Excerpts from a dataset =>
*-*-*
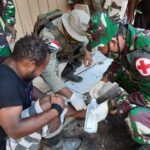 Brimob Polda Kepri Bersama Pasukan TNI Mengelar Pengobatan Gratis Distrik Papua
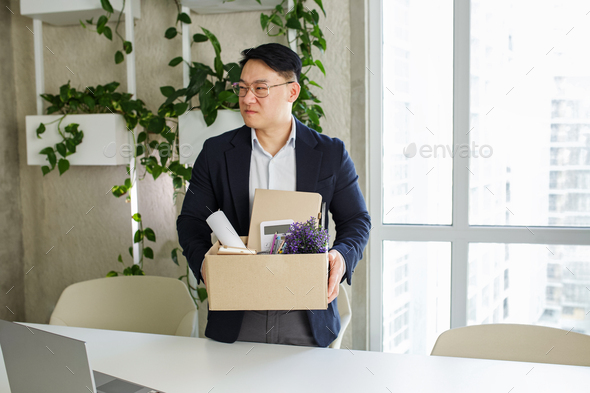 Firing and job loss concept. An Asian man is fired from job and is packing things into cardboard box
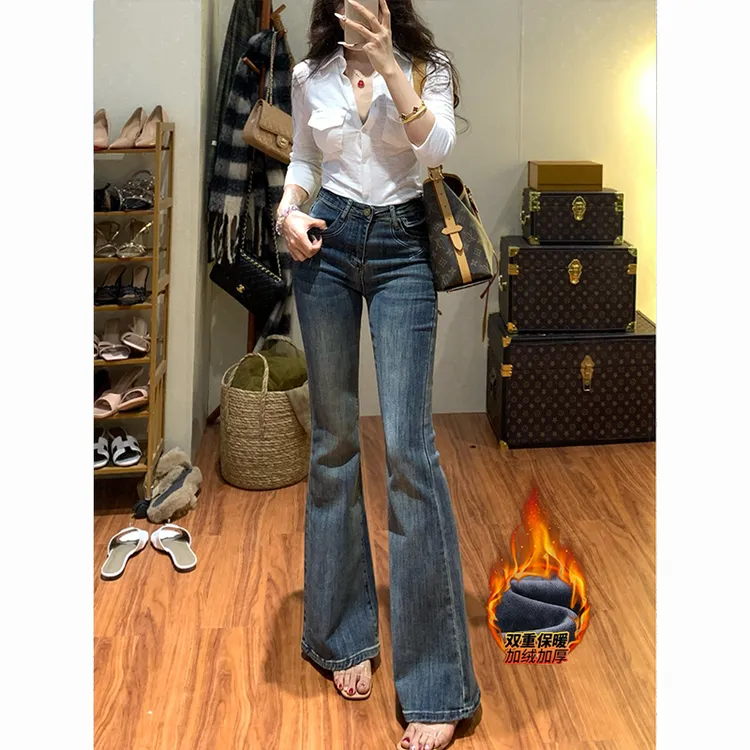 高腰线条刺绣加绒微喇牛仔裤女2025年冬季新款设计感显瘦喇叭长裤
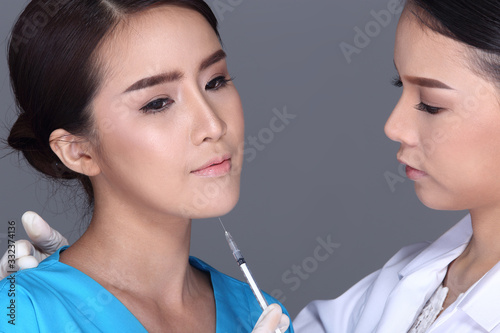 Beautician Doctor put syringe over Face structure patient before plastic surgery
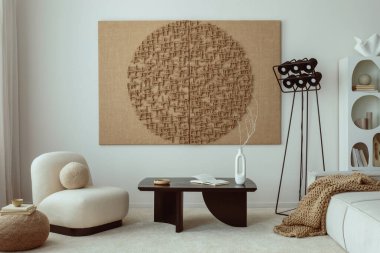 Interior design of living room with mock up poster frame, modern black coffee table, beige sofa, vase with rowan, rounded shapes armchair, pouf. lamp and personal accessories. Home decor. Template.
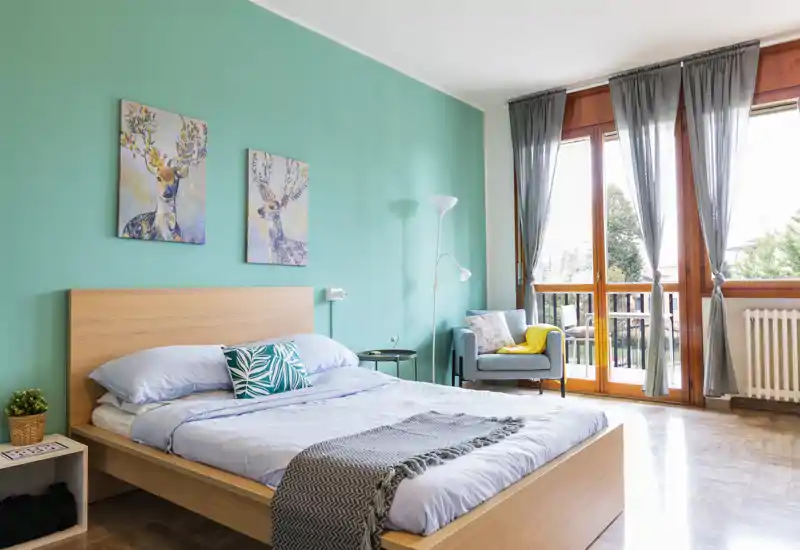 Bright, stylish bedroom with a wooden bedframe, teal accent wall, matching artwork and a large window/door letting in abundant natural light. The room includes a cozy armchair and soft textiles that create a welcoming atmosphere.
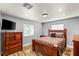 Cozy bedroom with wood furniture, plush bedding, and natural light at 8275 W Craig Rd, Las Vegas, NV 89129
*-*-*
Instructions for the task => Please set down the records above word for word and omit their pictures.

Finished task =>
 Brimob Polda Kepri Bersama Pasukan TNI Mengelar Pengobatan Gratis Distrik Papua
 Firing and job loss concept. An Asian man is fired from job and is packing things into cardboard box
 高腰线条刺绣加绒微喇牛仔裤女2025年冬季新款设计感显瘦喇叭长裤
 Beautician Doctor put syringe over Face structure patient before plastic surgery
 Interior design of living room with mock up poster frame, modern black coffee table, beige sofa, vase with rowan, rounded shapes armchair, pouf. lamp and personal accessories. Home decor. Template.
 Bright, stylish bedroom with a wooden bedframe, teal accent wall, matching artwork and a large window/door letting in abundant natural light. The room includes a cozy armchair and soft textiles that create a welcoming atmosphere.
 Cozy bedroom with wood furniture, plush bedding, and natural light at 8275 W Craig Rd, Las Vegas, NV 89129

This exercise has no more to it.